Encompassing as it may be, its completely true. To be convicted you must be caught, and to be caught you must have chosen to commit a crime; thus self selecting and stupid enough to get caught.

And to be wrongfully convicted? Miscarriages of justice can also follow you around for a lifetime.

How about accused but not convicted? Or found 'not proven' in a Scottish court.

There are further subtleties to charges, sentences, etc. where the verdict in court, as reported in the press might not reflect things such as extenuating circumstances, mental state at the time, etc. etc., or may not distinguish between relative seriousness of the crime (especially with things like mandated minimum sentences). Without knowing all the details of a case, well, you don't know all the details.

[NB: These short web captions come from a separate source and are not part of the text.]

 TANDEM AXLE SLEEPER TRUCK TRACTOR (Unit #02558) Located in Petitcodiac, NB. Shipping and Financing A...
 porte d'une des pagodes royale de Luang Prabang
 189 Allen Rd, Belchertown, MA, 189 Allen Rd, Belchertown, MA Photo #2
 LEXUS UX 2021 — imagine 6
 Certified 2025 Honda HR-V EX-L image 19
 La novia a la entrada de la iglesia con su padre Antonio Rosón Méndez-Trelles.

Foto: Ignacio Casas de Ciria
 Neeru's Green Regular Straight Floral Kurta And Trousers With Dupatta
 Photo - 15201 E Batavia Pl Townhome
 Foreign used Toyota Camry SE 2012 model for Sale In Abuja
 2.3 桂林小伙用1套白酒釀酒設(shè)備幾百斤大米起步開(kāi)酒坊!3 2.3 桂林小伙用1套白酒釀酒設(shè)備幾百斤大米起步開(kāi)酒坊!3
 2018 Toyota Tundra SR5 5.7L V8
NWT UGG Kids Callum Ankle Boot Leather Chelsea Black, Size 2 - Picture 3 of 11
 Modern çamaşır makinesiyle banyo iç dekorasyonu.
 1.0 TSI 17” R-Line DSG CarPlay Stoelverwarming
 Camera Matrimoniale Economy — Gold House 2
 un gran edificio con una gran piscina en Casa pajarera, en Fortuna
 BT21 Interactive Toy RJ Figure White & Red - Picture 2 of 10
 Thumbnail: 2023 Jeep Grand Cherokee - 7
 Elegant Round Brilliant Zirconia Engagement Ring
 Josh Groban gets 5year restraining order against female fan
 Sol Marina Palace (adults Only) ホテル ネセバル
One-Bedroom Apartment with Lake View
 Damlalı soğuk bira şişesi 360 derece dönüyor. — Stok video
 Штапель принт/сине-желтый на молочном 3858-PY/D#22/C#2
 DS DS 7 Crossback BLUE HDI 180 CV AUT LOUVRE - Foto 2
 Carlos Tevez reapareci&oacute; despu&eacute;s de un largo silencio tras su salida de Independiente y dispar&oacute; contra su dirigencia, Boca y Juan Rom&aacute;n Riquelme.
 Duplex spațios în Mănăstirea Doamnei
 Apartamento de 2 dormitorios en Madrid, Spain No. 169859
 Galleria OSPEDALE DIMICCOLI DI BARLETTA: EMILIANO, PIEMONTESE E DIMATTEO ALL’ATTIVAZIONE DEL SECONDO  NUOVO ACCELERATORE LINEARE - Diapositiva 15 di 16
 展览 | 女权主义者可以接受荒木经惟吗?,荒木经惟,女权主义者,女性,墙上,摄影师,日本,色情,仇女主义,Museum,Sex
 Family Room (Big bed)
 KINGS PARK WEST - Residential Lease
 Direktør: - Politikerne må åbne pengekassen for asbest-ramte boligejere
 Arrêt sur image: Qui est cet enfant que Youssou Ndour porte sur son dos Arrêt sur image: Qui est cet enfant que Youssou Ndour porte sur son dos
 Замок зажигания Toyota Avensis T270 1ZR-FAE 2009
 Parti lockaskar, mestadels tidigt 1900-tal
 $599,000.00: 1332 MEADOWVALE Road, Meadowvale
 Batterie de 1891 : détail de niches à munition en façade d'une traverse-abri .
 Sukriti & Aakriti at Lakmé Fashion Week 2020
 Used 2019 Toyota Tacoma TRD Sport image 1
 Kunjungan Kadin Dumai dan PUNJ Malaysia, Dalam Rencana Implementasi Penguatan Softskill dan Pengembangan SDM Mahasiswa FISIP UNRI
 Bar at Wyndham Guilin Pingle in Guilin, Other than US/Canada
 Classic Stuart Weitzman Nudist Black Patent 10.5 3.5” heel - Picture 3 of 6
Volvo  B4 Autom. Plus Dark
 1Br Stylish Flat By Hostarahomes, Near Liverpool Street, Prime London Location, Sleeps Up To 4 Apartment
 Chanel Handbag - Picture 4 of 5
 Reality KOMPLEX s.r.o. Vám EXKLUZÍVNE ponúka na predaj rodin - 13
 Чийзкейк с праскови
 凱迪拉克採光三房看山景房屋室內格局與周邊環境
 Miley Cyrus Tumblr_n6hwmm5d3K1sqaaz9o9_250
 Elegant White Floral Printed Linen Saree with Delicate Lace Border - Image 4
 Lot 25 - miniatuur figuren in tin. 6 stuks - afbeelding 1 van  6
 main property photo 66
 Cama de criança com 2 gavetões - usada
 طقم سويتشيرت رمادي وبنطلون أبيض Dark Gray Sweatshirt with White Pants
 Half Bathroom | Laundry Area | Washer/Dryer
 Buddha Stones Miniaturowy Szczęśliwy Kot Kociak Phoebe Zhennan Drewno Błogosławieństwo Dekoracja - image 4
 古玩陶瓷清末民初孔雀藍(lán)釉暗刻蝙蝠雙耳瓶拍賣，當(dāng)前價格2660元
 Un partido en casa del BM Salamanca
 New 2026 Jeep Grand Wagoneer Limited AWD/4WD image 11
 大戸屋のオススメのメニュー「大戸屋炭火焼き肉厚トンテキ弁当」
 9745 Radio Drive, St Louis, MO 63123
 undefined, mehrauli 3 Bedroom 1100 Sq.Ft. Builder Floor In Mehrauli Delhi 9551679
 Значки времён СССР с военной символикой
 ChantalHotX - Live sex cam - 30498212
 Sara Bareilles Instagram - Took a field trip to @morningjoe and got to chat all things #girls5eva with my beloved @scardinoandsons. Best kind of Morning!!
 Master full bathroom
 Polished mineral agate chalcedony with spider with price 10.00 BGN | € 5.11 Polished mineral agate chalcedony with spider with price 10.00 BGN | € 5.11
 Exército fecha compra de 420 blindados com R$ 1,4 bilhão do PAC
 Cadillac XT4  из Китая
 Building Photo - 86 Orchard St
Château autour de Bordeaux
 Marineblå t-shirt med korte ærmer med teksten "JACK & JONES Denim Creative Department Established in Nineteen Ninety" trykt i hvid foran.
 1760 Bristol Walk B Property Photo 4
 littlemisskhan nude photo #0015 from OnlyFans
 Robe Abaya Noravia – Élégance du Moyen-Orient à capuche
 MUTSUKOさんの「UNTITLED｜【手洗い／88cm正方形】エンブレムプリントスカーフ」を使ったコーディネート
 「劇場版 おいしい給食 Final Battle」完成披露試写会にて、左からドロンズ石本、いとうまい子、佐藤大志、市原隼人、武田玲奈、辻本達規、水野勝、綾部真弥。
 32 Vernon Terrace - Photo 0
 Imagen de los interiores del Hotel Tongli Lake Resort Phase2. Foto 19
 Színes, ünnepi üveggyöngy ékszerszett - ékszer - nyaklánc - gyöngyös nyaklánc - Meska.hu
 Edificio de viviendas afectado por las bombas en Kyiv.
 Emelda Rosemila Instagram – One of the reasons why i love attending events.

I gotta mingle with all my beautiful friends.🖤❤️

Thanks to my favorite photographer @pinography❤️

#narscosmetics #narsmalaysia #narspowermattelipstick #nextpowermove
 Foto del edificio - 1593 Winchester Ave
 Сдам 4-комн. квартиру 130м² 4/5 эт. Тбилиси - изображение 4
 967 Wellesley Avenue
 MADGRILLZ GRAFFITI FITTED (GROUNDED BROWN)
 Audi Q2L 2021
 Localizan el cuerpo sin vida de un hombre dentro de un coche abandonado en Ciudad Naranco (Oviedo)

Here is a fictitious example: How about someone, who on their 18th birthday goes for a drinks with their friends. One friend gives them (foolishly) a set of kitchen knives as a gift. On the way home from the pub, they are stopped and searched by the police, arrested, and subsequently convicted of carrying a concealed weapon. Bang, mandatory custodial sentence. How would you distinguish this unlucky individual from the gang member who is caught by the police on the way to stab a rival yob?

On the whole, this is the murkiest of grey areas. Making sweeping pronouncements on it one way or the other only indicates that you maybe haven't thought about it as hard as maybe you should have.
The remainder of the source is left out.